Employment generation

Despite all evidence to the contrary - most obviously from the direct experience of the past and current Plan periods - the Planning Commission adopts a trickle-down approach whereby it is assumed that output growth will automatically generate more employment, and that too in sufficient quantities to meet the growing labour force. Yet it is obvious to all that the major failure of the growth process, and the most important impediment to ''inclusive'' growth, is the lack of adequate employment generation.

Recent NSS data, described in Chart 2, show a very sharp increase in open unemployment rates for men and women in both rural and urban areas, despite this being the period of highest recorded rates of aggregate output growth.

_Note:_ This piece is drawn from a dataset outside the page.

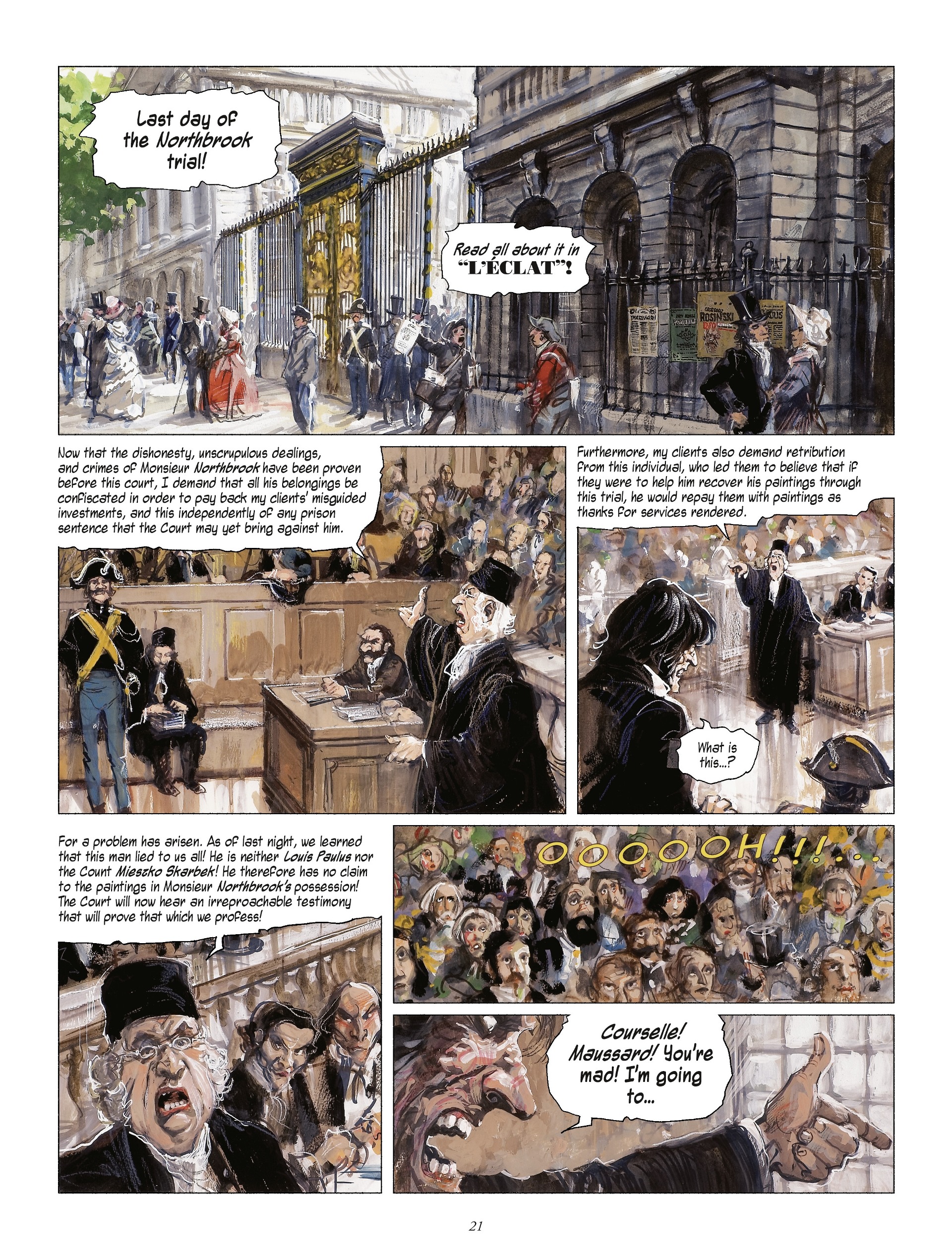 Read online The Revenge of Count Skarbek comic -  Issue #2 - 23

In a country where there is no unemployment benefit and no social protection for those without jobs, and where most of the poor have no option but to find some work simply to survive, such an increase in open unemployment is remarkable and historically unprecedented. It points to a huge absence of productive income opportunities across both urban and rural areas. And it shows very clearly that ''trickle down'' cannot be relied upon to generate jobs.

Yet the discussion on employment generation is probably the weakest section of the Approach Paper, whereas it should have received the central focus. It is not listed at the start as among the most important challenges, and casual attitude permeates the rest of the document. There is no serious consideration of how to ensure that the growth process will actually create more jobs. Even worse, policies that will actually operate to reduce employment are strewn throughout the paper.

Chart  2  >>

For example, the section on promoting industrial growth argues that ''externally the gradual reduction of tariffs on non-agricultural products should continue'' without providing any justification for this, even though it is now evident that excess manufacturing capacity creation in many countries is pushing down prices of manufactured goods and the threat of such imports is harming small scale producers, who are the largest employers. It also argues for acceleration of the process of de-reserving many industrial sectors which were earlier reserved for small-scale industries, which again is bound to adversely affect industrial employment. In another section, the Approach argues for opening up retail trade to foreign players in order to ''benefit consumers'' - even though it is well known that the rationalisation and concentration that typically result in such entry are likely to throw millions of petty retailers out of business and thus dramatically reduce employment in this sector.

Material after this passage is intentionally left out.